Strip out the pictures and output each remaining line of the data word for word.

- _SUPPLIED DATA_
---
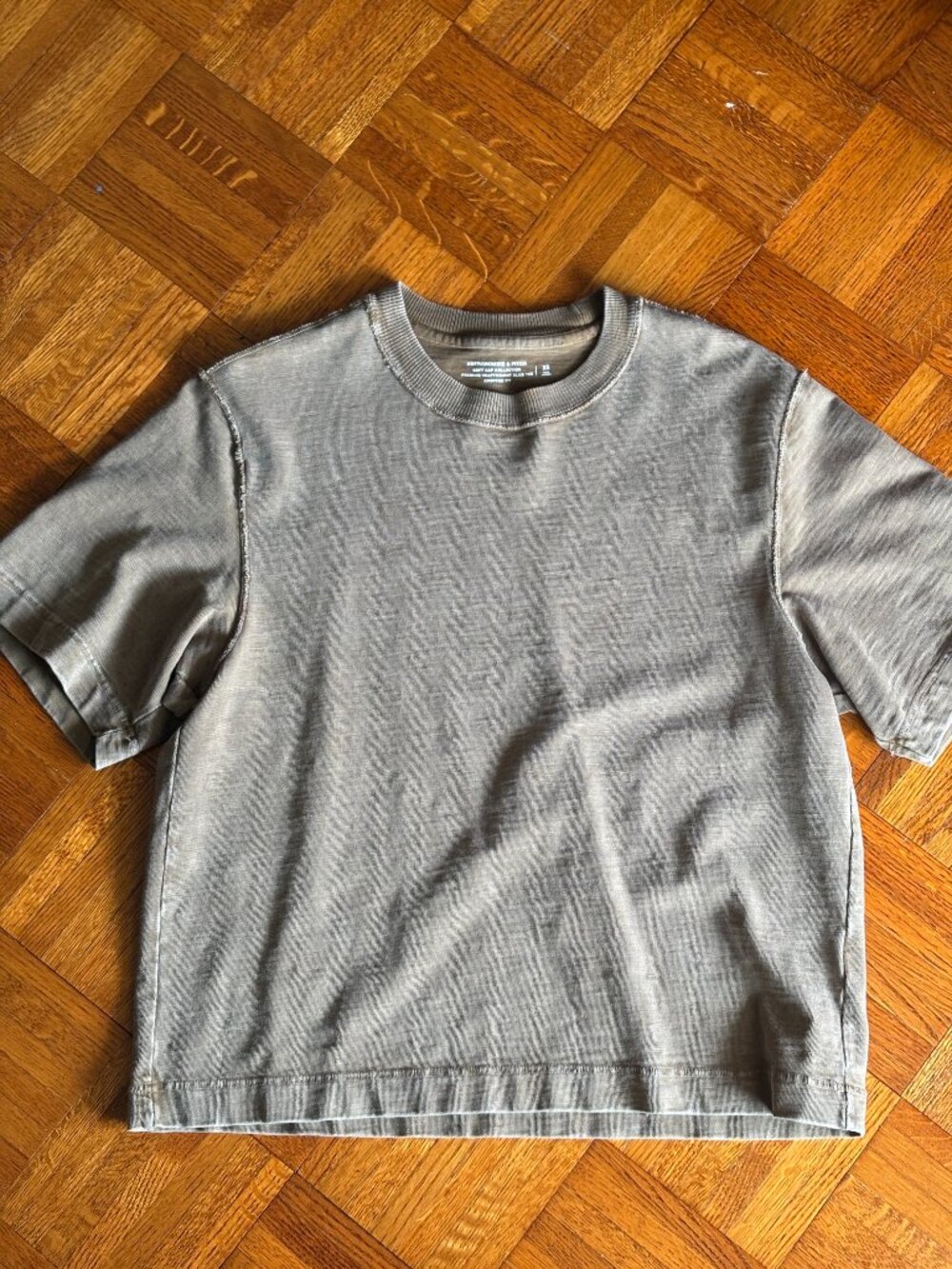 Abercrombie Soft A&F Collection Premium Heavyweight Slub Tee Brown XS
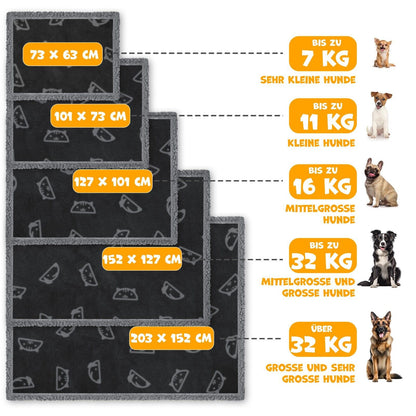 LOVPET® Waterproof Dog Blanket with Fleece Dry Bed for Pets, Accompanied by 3 Toy Bones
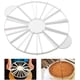 thumbnail image 1 of Marcador redondo para rebanadas de pastel y rebanador de pastel, cortador de pastel de queso, marcador de porción de pastel de doble cara, 10 o 12 rebanadas, funciona para pasteles de hasta, 1 of 5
---
- _ANSWER SPACE_
 Abercrombie Soft A&F Collection Premium Heavyweight Slub Tee Brown XS
 LOVPET® Waterproof Dog Blanket with Fleece Dry Bed for Pets, Accompanied by 3 Toy Bones
 thumbnail image 1 of Marcador redondo para rebanadas de pastel y rebanador de pastel, cortador de pastel de queso, marcador de porción de pastel de doble cara, 10 o 12 rebanadas, funciona para pasteles de hasta, 1 of 5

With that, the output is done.